2 Measurement Theory and Error

Topics: Definition of measurement error. What does it mean for measurements to be fair or unfair? Measurements as functions of indicators. Consequences of measurement error for subsequent analyses.

Required reading:

2.1 Seminar

You can also directly load the data file into R from the web with the following command:

region_data <- read.csv(url("https://uclspp.github.io/POLS0013/4_data/week-2-region.csv"))
constituency_data <- read.csv(url("https://uclspp.github.io/POLS0013/4_data/week-2-constituency.csv"))

In this assignment, we are going to use a combination of real data and simulations in order to try to better understand the consequences of measurement error in an explanatory variable. We are also going to create a new measure for the first time, albeit not a very good one.

The core measurement problem of the assignment is trying to measure the results of the 2016 referendum on EU membership in the UK at the level of UK parliamentary constituencies. This is a measurement problem because the UK used different electoral geography for reporting the results of the 2016 referendum than the parliamentary constituencies used in the 2015 and 2017 general elections. The 2016 referendum was reported at the level of local authorities, of which there are 380 in England, Scotland and Wales. That same area includes 632 parliamentary constituencies, each of which sends one MP to Parliament. For a number of applications, it is useful to have a measure of how the voters in a constituency voted in the referendum, but there is no official answer, we have to come up with a measurement strategy.

The best available measures were developed by Hanretty (2017), and are much more accurate than anything we can do easily here because they use details of the geographic/demographic overlap between the different boundaries to aid in imputation. We will treat these as if they are the right answer, even though they are not exactly the right answer.

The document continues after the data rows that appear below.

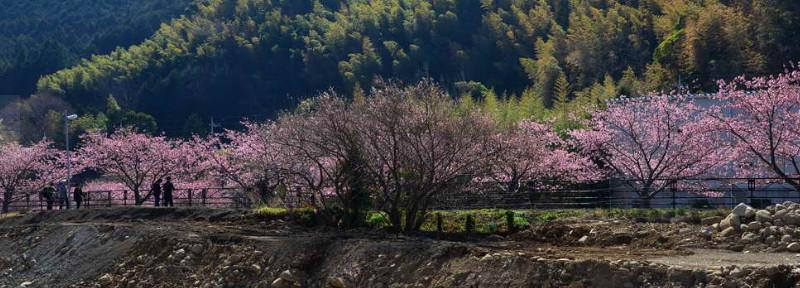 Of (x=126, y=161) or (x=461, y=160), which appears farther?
(x=126, y=161)

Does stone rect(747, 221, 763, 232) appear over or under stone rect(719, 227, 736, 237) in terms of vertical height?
over

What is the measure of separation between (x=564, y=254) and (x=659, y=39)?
58.0 m

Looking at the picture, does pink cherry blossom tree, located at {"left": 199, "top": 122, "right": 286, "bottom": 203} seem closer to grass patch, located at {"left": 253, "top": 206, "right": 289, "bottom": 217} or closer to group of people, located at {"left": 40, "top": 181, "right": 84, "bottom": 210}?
grass patch, located at {"left": 253, "top": 206, "right": 289, "bottom": 217}

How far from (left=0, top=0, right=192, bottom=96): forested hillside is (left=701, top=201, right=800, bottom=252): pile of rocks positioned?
365ft

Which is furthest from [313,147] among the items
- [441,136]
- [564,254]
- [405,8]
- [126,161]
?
[405,8]

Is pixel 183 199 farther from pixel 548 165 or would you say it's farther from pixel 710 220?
pixel 710 220

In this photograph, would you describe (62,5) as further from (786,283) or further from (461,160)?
(786,283)

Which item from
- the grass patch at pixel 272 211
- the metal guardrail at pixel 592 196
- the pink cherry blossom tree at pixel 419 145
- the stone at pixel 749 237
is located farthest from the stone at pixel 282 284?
the stone at pixel 749 237

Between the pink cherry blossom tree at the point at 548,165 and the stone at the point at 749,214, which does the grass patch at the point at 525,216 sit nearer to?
the pink cherry blossom tree at the point at 548,165

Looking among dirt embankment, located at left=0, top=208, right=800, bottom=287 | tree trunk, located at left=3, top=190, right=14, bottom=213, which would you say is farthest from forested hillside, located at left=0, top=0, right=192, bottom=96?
dirt embankment, located at left=0, top=208, right=800, bottom=287

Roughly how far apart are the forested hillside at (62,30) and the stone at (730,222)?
111 metres

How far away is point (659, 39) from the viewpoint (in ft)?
253

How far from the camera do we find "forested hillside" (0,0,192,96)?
421 ft

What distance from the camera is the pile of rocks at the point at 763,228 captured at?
21516mm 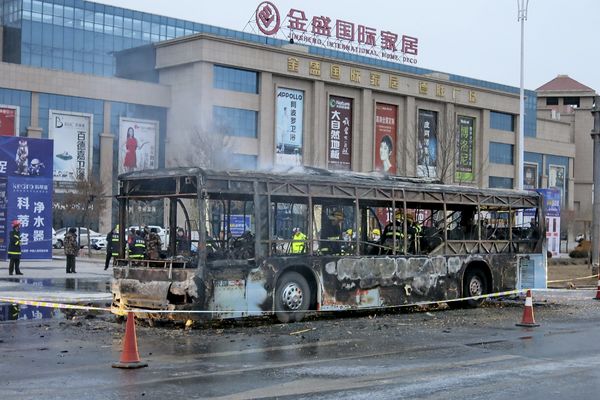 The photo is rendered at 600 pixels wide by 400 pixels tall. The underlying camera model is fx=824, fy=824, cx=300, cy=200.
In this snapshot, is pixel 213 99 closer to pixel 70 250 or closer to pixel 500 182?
pixel 70 250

We are going to use a very simple measurement strategy to develop our own measures. Both local authorities and parliamentary constituencies are nested within the larger geography of (NUTS 1) UK regions, of which there are 11 in England (9), Scotland (1), and Wales (1). Here is the measurement strategy we are going to follow:

  1. Fit a regression model predicting 2016 leave share using 2015 general election vote for the UK Independence Party at the region level. This is a regression with eleven data points and one explanatory variables.1
  2. Construct fitted values from the regression model for all 632 constituencies in England, Scotland and Wales using the 2015 general election vote in that constituency.

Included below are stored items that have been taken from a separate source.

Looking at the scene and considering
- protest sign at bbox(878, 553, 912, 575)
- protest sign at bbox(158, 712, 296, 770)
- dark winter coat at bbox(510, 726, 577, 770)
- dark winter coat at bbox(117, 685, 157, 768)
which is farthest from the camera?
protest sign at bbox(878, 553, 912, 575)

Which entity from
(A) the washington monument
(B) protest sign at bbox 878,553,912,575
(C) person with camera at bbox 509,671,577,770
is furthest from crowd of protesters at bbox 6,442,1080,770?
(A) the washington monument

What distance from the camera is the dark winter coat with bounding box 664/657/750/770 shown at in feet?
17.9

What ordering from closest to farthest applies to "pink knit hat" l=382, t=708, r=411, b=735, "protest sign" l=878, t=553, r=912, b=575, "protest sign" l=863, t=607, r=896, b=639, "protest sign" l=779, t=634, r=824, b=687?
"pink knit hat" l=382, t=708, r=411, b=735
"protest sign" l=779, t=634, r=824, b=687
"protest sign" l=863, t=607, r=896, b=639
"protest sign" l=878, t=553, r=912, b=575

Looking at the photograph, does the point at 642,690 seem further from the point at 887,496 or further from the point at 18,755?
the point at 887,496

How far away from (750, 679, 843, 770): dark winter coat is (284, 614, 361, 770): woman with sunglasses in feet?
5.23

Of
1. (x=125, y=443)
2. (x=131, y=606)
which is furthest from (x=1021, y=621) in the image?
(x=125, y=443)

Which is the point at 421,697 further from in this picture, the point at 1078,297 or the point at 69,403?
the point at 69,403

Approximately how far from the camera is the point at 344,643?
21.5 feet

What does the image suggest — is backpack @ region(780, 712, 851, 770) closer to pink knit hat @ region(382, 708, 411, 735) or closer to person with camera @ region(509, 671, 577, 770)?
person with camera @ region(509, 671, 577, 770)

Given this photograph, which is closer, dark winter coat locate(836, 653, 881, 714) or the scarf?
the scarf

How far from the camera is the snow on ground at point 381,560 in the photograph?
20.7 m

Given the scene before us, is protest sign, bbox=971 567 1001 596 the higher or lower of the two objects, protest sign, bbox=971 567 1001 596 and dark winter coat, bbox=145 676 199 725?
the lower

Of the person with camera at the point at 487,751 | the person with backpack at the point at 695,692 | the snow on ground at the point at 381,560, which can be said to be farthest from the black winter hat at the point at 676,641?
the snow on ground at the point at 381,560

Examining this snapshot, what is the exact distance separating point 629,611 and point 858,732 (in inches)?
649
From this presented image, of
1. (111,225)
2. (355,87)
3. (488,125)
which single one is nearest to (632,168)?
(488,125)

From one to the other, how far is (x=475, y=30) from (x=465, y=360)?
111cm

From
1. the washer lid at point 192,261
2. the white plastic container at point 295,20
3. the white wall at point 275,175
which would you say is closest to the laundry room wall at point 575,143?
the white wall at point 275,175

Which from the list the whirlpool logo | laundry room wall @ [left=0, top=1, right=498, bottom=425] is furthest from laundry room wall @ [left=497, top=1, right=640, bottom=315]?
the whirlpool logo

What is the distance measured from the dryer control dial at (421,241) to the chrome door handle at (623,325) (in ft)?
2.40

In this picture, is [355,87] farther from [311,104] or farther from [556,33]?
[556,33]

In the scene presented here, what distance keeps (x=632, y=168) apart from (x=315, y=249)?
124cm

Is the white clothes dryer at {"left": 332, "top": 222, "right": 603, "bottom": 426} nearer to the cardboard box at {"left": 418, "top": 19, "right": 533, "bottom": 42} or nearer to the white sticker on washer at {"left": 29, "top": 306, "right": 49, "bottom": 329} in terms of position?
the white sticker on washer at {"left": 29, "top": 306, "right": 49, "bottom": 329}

This is an example of a measurement strategy that is based on calibrating the relationship between a set of indicators (vote in the 2015 election) and the target of the measurement (vote in the 2016 referendum) and then extrapolating to a new set of units. This provides a way of measuring what we want to measure because whereas the 2016 referendum vote is not available on the geographic boundaries that we are interested in (parliamentary constituencies), the 2015 election vote was available on those geographic boundaries. Because both votes are available at the region level, we can use that level of geography to “translate” between the two. How well this works depends on how strong the relationship is between the indicators and the target of the measurement, and whether that relationship is similar in the units on which we train or calibrate the model (regions) to the relationship in the units on which we apply that model to construct fitted values.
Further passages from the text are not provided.